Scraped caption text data
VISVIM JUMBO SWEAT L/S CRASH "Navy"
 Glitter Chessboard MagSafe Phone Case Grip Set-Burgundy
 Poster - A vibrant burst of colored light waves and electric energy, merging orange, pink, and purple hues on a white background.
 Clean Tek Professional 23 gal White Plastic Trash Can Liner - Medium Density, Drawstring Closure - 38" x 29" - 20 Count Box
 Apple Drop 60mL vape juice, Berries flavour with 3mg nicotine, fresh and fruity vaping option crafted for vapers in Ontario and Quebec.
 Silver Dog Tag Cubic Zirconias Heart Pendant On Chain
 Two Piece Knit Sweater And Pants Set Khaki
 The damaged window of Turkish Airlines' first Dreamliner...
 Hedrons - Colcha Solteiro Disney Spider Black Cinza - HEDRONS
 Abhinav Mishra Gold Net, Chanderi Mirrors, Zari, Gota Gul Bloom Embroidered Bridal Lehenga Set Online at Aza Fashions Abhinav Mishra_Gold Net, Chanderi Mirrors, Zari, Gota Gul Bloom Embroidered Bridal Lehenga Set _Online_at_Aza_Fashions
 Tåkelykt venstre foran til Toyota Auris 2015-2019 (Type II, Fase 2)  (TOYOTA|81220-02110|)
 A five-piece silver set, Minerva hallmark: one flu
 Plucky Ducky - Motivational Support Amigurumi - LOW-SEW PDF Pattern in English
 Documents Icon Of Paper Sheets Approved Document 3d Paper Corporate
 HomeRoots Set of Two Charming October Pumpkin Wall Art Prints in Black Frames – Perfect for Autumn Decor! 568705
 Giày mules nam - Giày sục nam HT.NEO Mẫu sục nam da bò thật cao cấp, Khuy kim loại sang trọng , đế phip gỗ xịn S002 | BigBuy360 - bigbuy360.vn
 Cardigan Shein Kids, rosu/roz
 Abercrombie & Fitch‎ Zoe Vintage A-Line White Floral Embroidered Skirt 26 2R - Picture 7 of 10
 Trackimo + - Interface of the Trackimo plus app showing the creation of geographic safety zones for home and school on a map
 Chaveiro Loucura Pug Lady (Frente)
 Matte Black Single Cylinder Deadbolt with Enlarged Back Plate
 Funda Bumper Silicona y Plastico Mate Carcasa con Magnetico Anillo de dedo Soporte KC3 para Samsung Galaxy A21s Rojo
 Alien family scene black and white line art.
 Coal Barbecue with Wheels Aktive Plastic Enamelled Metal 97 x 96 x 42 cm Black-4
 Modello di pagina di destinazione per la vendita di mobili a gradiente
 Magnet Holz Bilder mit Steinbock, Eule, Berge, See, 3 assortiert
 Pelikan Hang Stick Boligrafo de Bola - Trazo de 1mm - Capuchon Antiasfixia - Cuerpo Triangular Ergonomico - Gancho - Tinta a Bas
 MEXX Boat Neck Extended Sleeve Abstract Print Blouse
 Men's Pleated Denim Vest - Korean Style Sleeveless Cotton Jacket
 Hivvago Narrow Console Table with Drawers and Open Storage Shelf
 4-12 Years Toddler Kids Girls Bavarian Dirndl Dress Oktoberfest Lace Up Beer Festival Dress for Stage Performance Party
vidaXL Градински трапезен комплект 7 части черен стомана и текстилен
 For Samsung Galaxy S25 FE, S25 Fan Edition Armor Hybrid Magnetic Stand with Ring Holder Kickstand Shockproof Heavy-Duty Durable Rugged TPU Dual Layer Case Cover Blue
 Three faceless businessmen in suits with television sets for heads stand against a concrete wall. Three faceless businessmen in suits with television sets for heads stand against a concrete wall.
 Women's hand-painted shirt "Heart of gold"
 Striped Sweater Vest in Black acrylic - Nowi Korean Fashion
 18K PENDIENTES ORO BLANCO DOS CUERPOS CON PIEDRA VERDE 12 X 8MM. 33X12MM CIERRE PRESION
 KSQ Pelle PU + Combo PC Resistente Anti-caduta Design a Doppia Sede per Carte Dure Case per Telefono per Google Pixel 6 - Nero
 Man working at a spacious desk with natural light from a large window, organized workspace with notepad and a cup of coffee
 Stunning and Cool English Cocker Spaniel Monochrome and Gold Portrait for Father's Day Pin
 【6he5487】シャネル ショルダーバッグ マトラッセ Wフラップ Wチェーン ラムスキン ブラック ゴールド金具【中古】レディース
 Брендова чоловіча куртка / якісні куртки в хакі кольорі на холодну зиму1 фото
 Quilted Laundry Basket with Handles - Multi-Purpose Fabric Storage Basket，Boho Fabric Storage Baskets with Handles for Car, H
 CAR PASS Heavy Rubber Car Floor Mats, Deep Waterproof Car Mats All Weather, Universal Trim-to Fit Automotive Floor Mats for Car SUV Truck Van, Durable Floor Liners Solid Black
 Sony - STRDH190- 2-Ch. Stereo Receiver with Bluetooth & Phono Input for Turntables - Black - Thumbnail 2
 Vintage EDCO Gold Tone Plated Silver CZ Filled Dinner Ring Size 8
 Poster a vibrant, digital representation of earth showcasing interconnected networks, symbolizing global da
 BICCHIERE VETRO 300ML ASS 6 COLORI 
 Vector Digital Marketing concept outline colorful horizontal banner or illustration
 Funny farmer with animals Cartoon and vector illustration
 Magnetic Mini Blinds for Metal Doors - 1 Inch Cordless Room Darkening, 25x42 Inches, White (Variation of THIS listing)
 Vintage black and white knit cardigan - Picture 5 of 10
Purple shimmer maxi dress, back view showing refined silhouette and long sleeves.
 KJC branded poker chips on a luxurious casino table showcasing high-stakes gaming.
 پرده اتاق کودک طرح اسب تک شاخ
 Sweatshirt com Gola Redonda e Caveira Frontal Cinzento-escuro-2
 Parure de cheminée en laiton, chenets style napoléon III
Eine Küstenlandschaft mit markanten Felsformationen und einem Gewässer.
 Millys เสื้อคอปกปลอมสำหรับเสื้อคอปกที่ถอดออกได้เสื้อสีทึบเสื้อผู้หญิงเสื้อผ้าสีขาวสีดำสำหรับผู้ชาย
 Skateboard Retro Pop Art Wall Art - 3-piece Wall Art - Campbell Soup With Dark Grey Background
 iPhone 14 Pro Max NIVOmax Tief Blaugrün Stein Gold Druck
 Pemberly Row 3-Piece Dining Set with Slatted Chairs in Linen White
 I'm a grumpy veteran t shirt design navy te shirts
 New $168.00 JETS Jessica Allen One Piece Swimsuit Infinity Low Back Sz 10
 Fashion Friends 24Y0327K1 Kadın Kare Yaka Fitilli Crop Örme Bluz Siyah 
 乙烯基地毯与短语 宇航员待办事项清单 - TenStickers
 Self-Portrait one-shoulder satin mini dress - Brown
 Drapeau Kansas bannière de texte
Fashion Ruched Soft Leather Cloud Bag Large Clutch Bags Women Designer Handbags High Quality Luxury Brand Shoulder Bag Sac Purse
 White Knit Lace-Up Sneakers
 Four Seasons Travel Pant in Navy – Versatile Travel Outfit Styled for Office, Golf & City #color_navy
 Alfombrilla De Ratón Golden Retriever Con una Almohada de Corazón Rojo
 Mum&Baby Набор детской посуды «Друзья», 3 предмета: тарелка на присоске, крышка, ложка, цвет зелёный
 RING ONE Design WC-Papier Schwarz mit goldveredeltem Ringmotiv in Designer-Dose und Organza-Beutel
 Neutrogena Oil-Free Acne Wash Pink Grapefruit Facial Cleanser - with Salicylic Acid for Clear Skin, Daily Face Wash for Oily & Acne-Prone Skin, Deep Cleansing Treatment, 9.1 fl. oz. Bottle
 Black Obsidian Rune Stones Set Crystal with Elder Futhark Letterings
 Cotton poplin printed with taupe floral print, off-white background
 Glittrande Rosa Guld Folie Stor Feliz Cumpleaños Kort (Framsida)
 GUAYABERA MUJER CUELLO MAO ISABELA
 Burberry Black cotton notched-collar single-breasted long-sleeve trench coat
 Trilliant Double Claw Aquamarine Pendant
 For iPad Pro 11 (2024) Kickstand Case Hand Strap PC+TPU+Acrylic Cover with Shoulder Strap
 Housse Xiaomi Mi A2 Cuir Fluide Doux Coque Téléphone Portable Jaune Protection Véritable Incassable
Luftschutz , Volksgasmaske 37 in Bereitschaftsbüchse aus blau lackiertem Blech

**THE TASK:** From the records above, extract exactly and only the lines that begin at the line with "Fashion Ruched Soft" and stop after the line with "For iPad Pro".

**EXERCISE RESPONSE:**
Fashion Ruched Soft Leather Cloud Bag Large Clutch Bags Women Designer Handbags High Quality Luxury Brand Shoulder Bag Sac Purse
 White Knit Lace-Up Sneakers
 Four Seasons Travel Pant in Navy – Versatile Travel Outfit Styled for Office, Golf & City #color_navy
 Alfombrilla De Ratón Golden Retriever Con una Almohada de Corazón Rojo
 Mum&Baby Набор детской посуды «Друзья», 3 предмета: тарелка на присоске, крышка, ложка, цвет зелёный
 RING ONE Design WC-Papier Schwarz mit goldveredeltem Ringmotiv in Designer-Dose und Organza-Beutel
 Neutrogena Oil-Free Acne Wash Pink Grapefruit Facial Cleanser - with Salicylic Acid for Clear Skin, Daily Face Wash for Oily & Acne-Prone Skin, Deep Cleansing Treatment, 9.1 fl. oz. Bottle
 Black Obsidian Rune Stones Set Crystal with Elder Futhark Letterings
 Cotton poplin printed with taupe floral print, off-white background
 Glittrande Rosa Guld Folie Stor Feliz Cumpleaños Kort (Framsida)
 GUAYABERA MUJER CUELLO MAO ISABELA
 Burberry Black cotton notched-collar single-breasted long-sleeve trench coat
 Trilliant Double Claw Aquamarine Pendant
 For iPad Pro 11 (2024) Kickstand Case Hand Strap PC+TPU+Acrylic Cover with Shoulder Strap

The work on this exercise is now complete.